Vale mencionar ainda mais uma questão que permeia o cenário de gravidez precoce no Brasil: o desejo de engravidar cedo, que, inserido num contexto cultural, está relacionado à conquista de independência. “No sentido de que o ser mãe também me dá um lugar no mundo, então eu não sou mais só aquela aquela adolescente, eu sou mãe de fulaninho”, explica Elaine.
A “escolha” pela gravidez por vezes se relaciona com o casamento infantil. “Às vezes a menina quer se inserir em um outra estrutura de poder no território através do casamento e isso pode ser incentivado pela própria família”, afirma Andrea.
O casamento infantil é a união formal ou informal de um casal em que ao menos um dos cunjugês tenha menos de 18 anos. Segundo pesquisa Tirando o Véu (2019) da Plan Internacional, o Brasil é o quarto país do mundo, em números absolutos, com maior quantidade de casamentos de meninas.
‘Ela me fez amadurecer bastante’ — Gabrielli, o nome que Grazi escolheu para a filha, nasceu de parto normal. Ao segurá-la, Grazi prometeu para si mesma não deixar faltar nada para sua menina. “Ela me fez amadurecer bastante”. Os primeiros meses foram frustrantes, já que “não tinha a mínima ideia de como cuidar de um bebê”. Mas teve ajuda da mãe e da avó. Quando a bebê completou três meses, o pai a conheceu, registrou e começou a pagar pensão. “Hoje eu tenho uma melhor amiga, o nome dela é Gabrielli e vai completar 15 anos no dia 11 de agosto”, comemora Grazielle.

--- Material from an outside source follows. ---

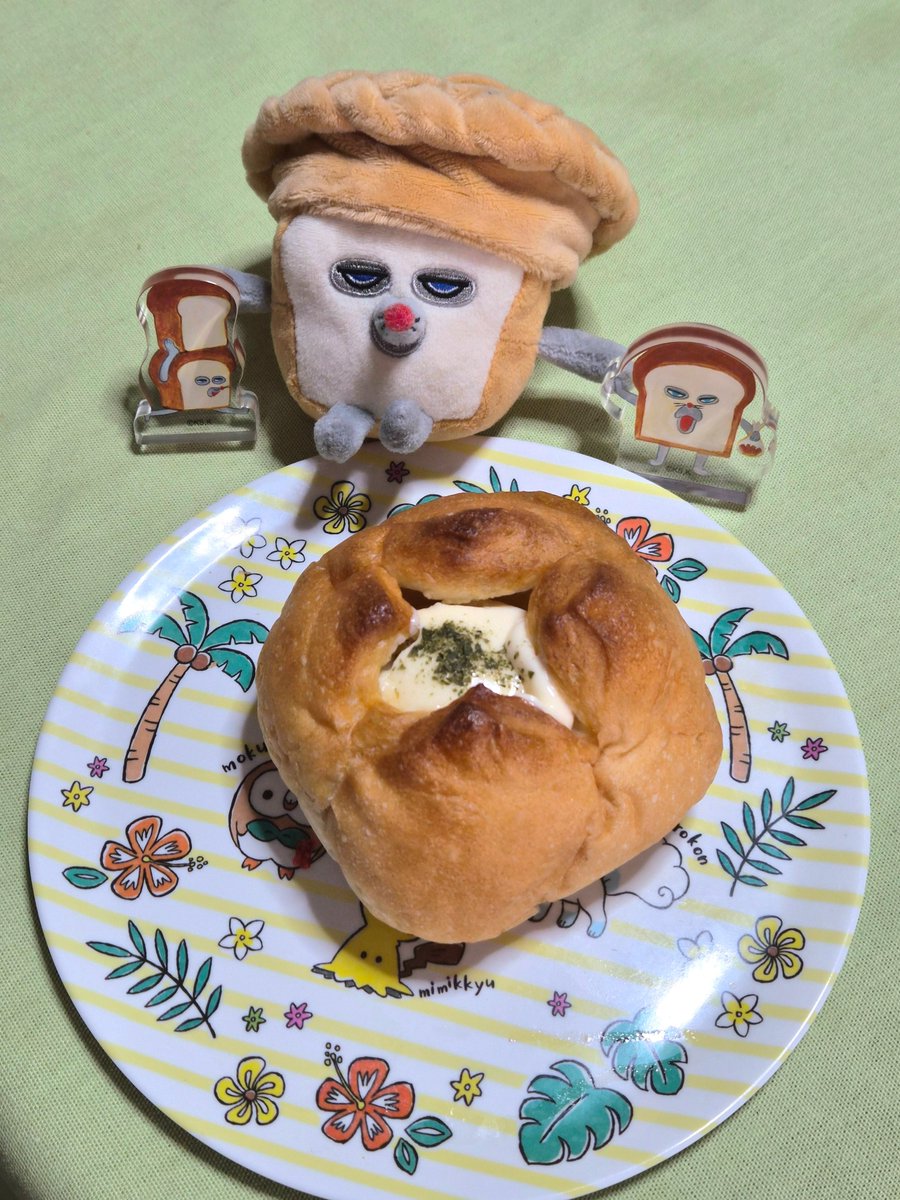 prismrrran's tweet photo. 昨日手に入れたパンどろぼうのアクリルブロック✌
特典はパンが不味かったみたいになるから使いどころ悩む(好きパン美味しかったよ😋) https://t.co/a5hDxl1uEh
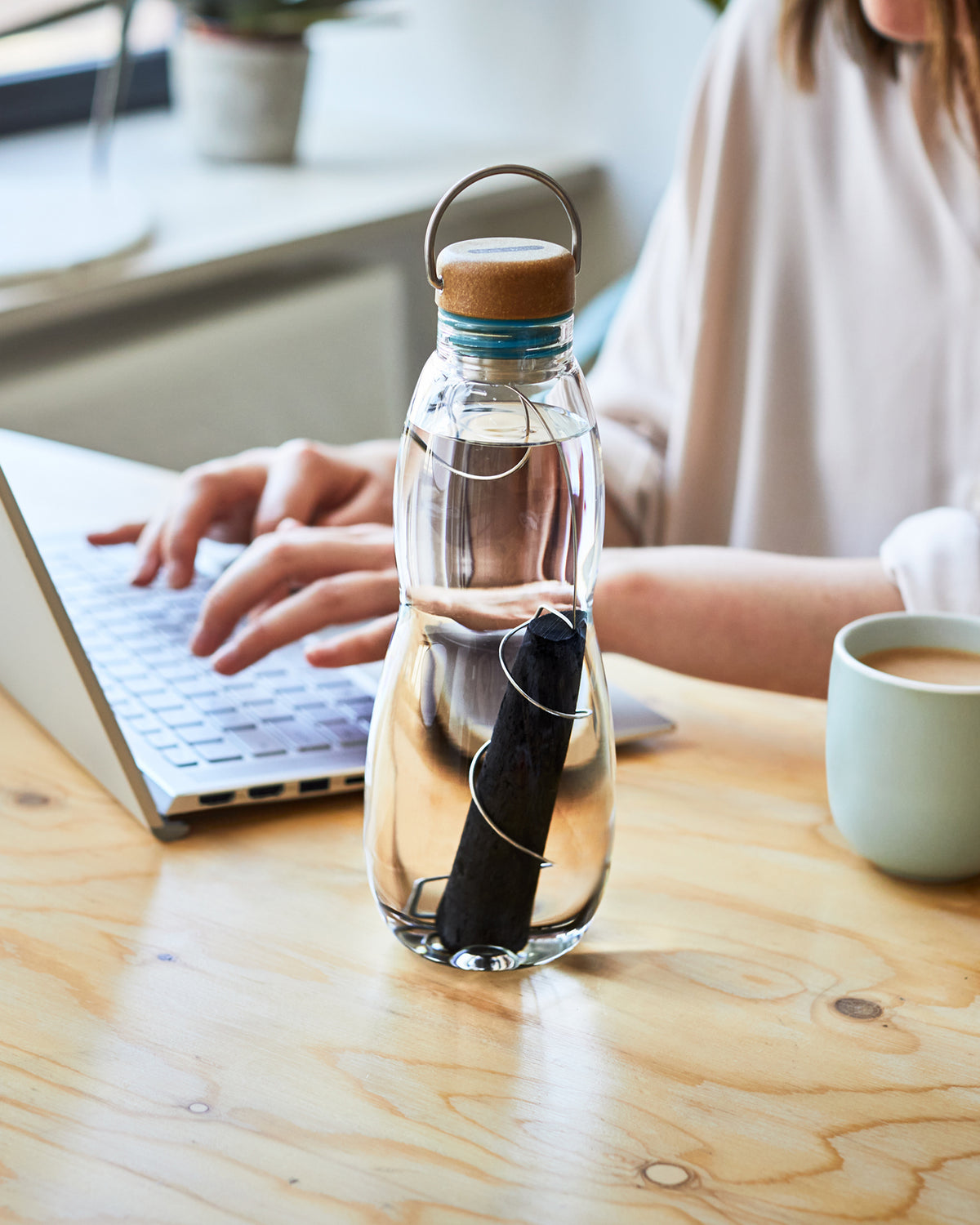 Black+Blum Bouteille d'eau de voyage en verre étanche et légère avec Black+Blum Bouteille d'eau de voyage en verre étanche et légère avec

Não é regra que adolescentes tenham apoio familiar na criação dos filhos e essa realidade, aliada à falta de políticas públicas, gera consequências como a evasão escolar. O abandono, por sua vez, pode significar menores chances de evolução socioeconômica e inserção nas estatística dos “nem-nem” — população jovem que não estuda e não trabalha — ou em postos de trabalhos precários, perpetuando ciclos de pobreza.
Com relação ao panorama nacional, Andrea afirma: “sendo as mulheres a maior parcela da população brasileira, não tem cabimento a gente falar em evolução socioeconômica do país sem falar da diminuição da gravidez na adolescência e da proteção da saúde reprodutiva dessas meninas”.